The Dems have pretty much lost the independents and the rural vote. There is nothing to indicate this trend won't continue.

 
 
 
JBB
Professor Principal
4.1  JBB  replied to  Greg Jones @4    3 years ago

Land doesn't vote. Trump lost by eight million votes!

 
 
 
Vic Eldred
Professor Principal
4.1.1  Vic Eldred  replied to  JBB @4.1    3 years ago

Wrong. Trump lost by 7,060,519 votes. Biden got 56.9% of the vote.

 
 
 
devangelical
Professor Principal
4.1.2  devangelical  replied to  Vic Eldred @4.1.1    3 years ago
Wrong. Trump lost by 7,060,519 votes. Biden got 56.9% of the vote.

... and it only took you a year to finally admit that. congrats.

 
 
 
Greg Jones
Professor Participates
5  Greg Jones    3 years ago

Oh lookie....more Dem "found" votes

mrz110721dAPC20211106104504.jpg

 
 
 
Greg Jones
Professor Participates
6  Greg Jones    3 years ago

Dems kissing up to terrorists....again

 
 
 
Texan1211
Professor Principal
7  Texan1211    3 years ago

To pretend that Tuesday was anything but a disaster for Democrats is pure denial of reality.  Losing VA was bad enough, but they also lost the LT. Governor, AG, and state House. And should anyone forget, the NJ State Senate Leader was ousted.
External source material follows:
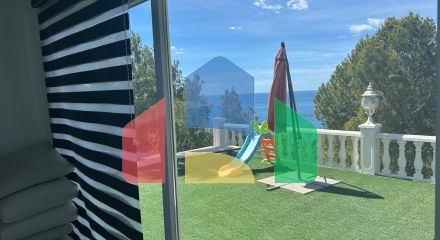 Вилла в средиземноморском стиле с видом на море в Алтеа Хиллс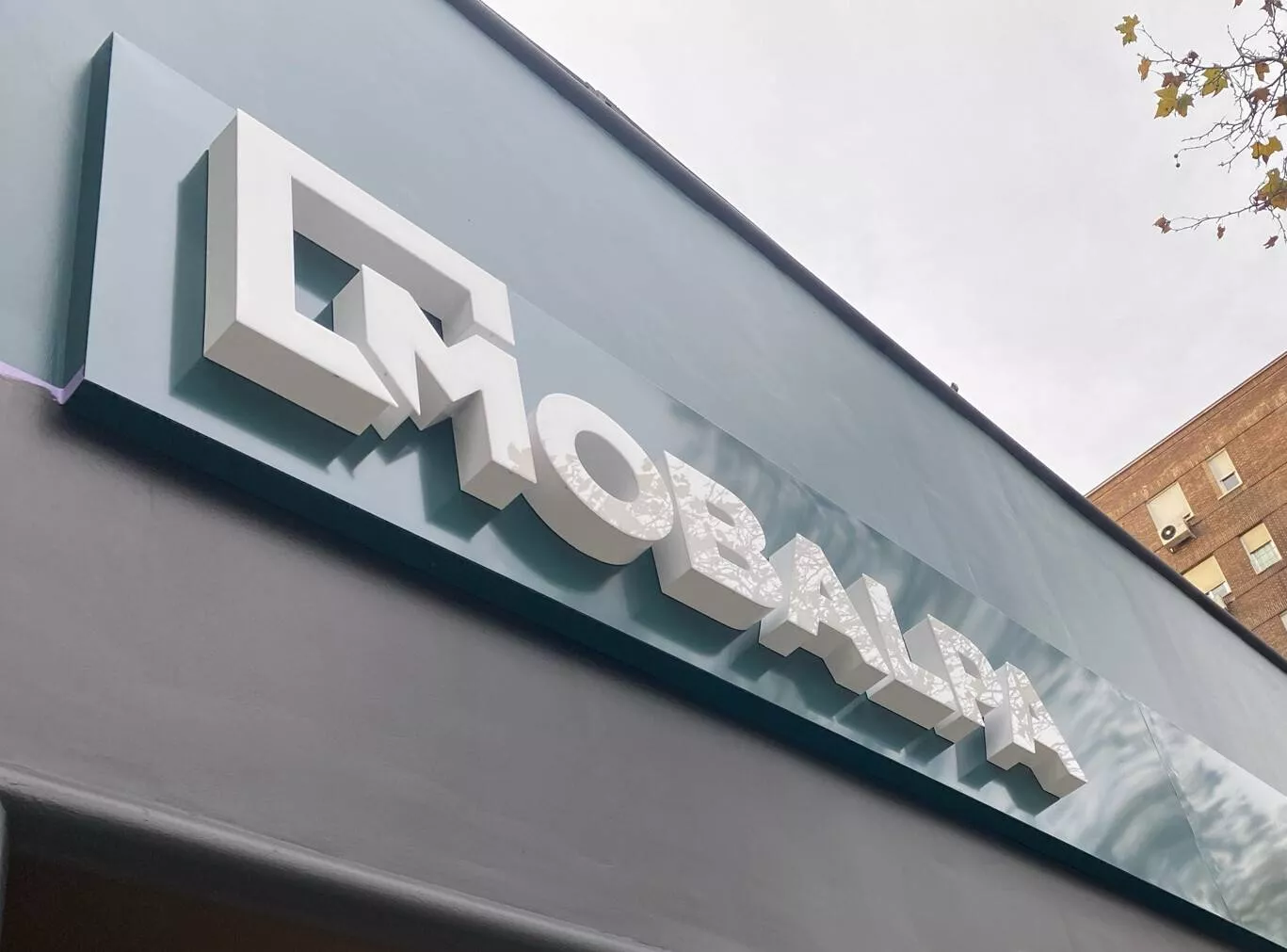 Rótulo 3D de acero en fachada de local comercial Rotusil Comunidad de Madrid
Independents showed a dramatic shift to the GOP.

That is what Democrats seemingly don't understand. They can not win in most places (like Republicans) without the independent vote.

Telling voters who don't vote for you (although you JUST tried to persuade them to vote FOR you) isn't good strategy. It reeks of elitism, which America is rejecting. How DARE Democrats tell voters they are stupid?

I just hope the pundits here are brave enough to show up here the day after the midterms.